|
揺れる不安定な心は
この街がすこし冷たいから 変わらない君の言葉を 聞きたい今夜は |
★ ★ ★ ★ ★
| 冷たいアスファルトの地面に、少年は座っていた。 |
| 街を飾る色とりどりの灯の中に、人々が流れてゆく。 |
| 冷たいこの街の中で自分の存在を、今ここにいる誰が認めているのだろう。 |
| どんな時も流れてゆく。

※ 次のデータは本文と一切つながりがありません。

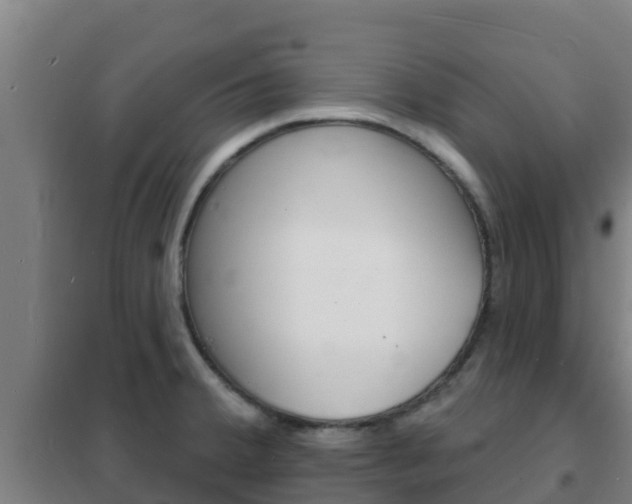 X0000102231380200807250759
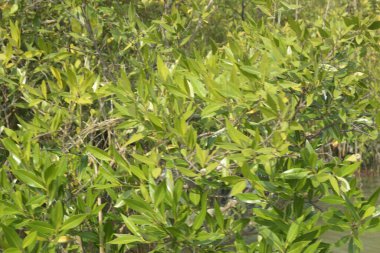 Bangladeş 'teki tropik mangrov sulak arazi ekosistemi. Nehir boyunca uzanan yoğun yeşil orman, Cox 's Bazar' da kıyı biyolojik çeşitliliği ve doğal güzelliği sergiliyor..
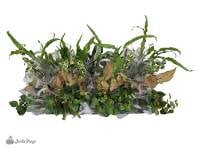 Dart Frog Wholesale Vivarium Plant Bundle (36 Plants)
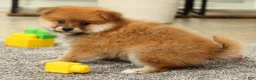 Pomeranian dogs for sale: Moe - Ad 6
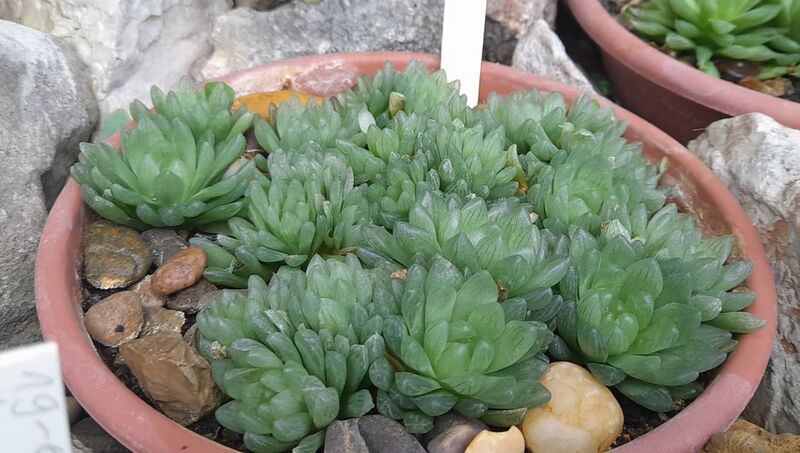 Fájl:Haworthia cymbiformis var. transiens.JCs 01.jpg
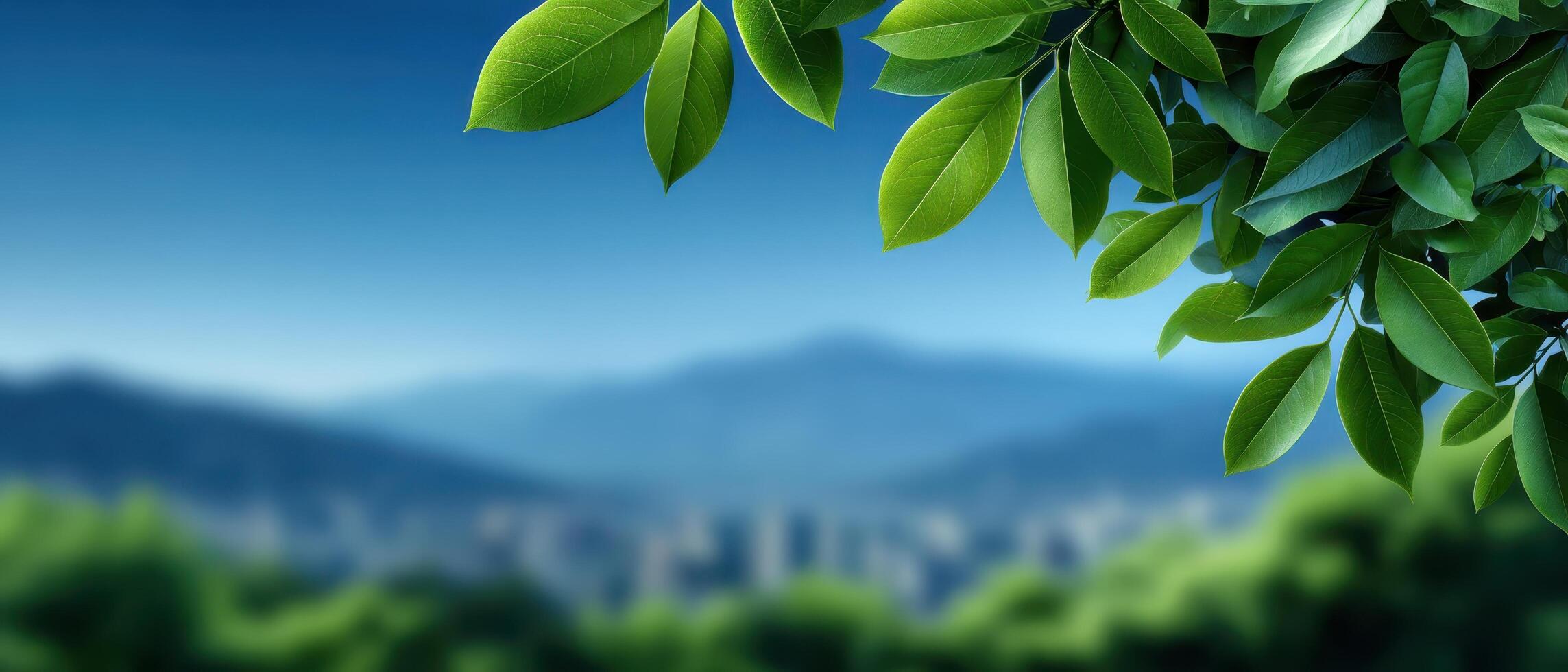 Gentle green leafy view serene mountains nature landscape tranquil environment close-up perspective photo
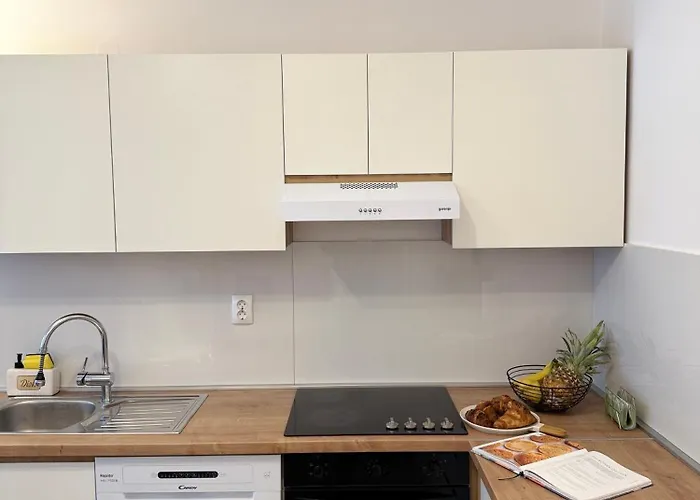 Apartment Ani *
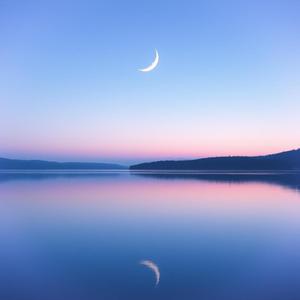 Quiet Acceptance
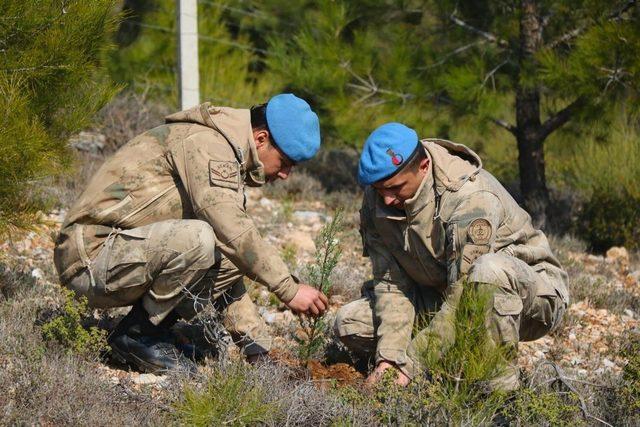 Jandarma’dan ‘180 yılda 180 bin ağaç’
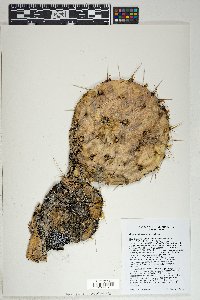 Opuntia phaeacantha image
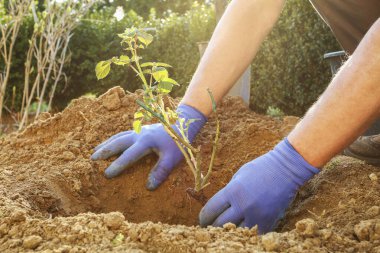 İşteki bahçıvan: Yere bir gül çalısı nasıl dikilir. 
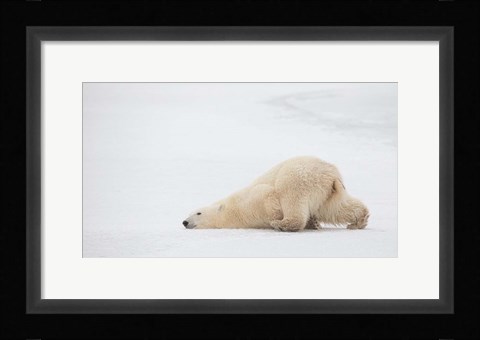 Framed Sliding Bear Print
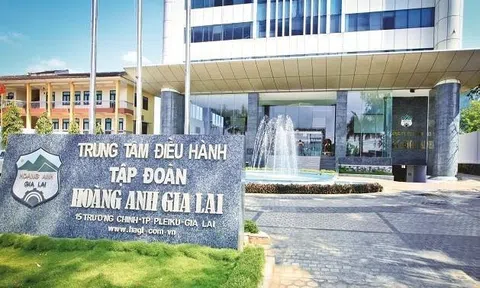 Anh trai Thành viên Hội đồng quản trị HAGL muốn thoái toàn bộ vốn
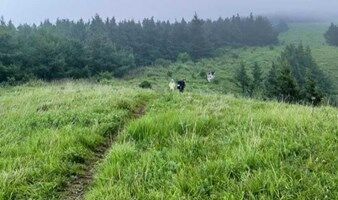 周末1日｜徒个• 老龙窝｜穿林海行走高山草甸の老龙窝11公里环穿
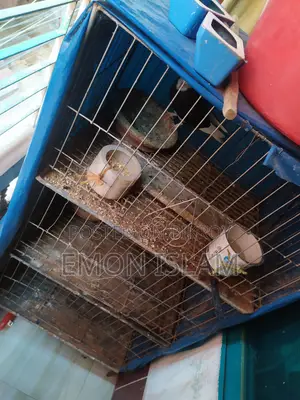 ৩ তলা খাচা বিক্রি হবে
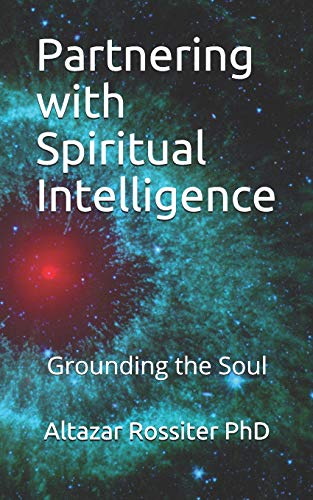 Beispielbild fr Partnering with Spiritual Intelligence: Grounding the Soul zum Verkauf von THE SAINT BOOKSTORE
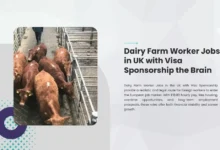 Dairy Farm Worker Jobs in UK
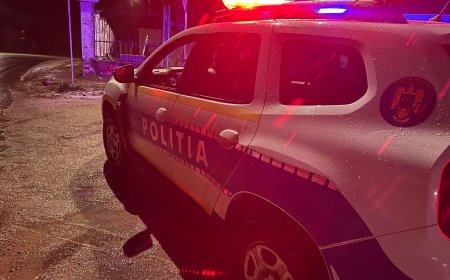 BĂRBAT DE 69 DE ANI, PRINS BEAT LA VOLAN DUPĂ CE A IEȘIT CU MAȘINA ÎN AFARA DRUMULUI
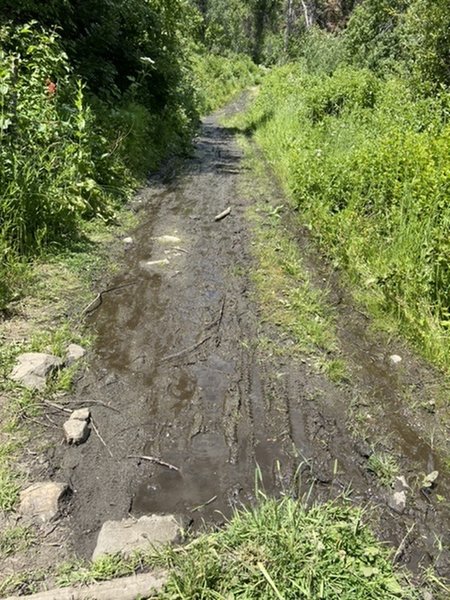 Encountered a pretty muddy section halfway up the trail in mid July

ゆっくりと、或いはものすごい勢いで。 |
| 人々は必死になって、時代の流れにしがみついている。 |
| そう、今この瞬間も。 |
| 流行すたりを相手に、永遠に変わらない物など何もないのだから。 |
| だが、彼は知っている。永遠に変わらないものを。 |
| いつも変わらない、友の笑顔を。 |
| 何もかも、全てが動き出して、どんなに時代が流れても。 |
| 誰もが行き先を間違えたとしても。 |
| アイツだけは、そこにいる。 |
| 彼のまわりでも少しずつ、どんなに時代が流れても。 |
| 人は寂しい生き物だから、1人では生きられない。生きてはいけない。 |
| 少年は静かに頭を振った。 |
| 不安定に揺れる心は、この街が少し冷たいせいなのだろうか。 |
| 今夜は、彼の変わらない言葉が聞きたい。 |
| ゼフェルはゆっくりと腰をあげた。 |
|
変わらない、彼の笑顔に会う為に。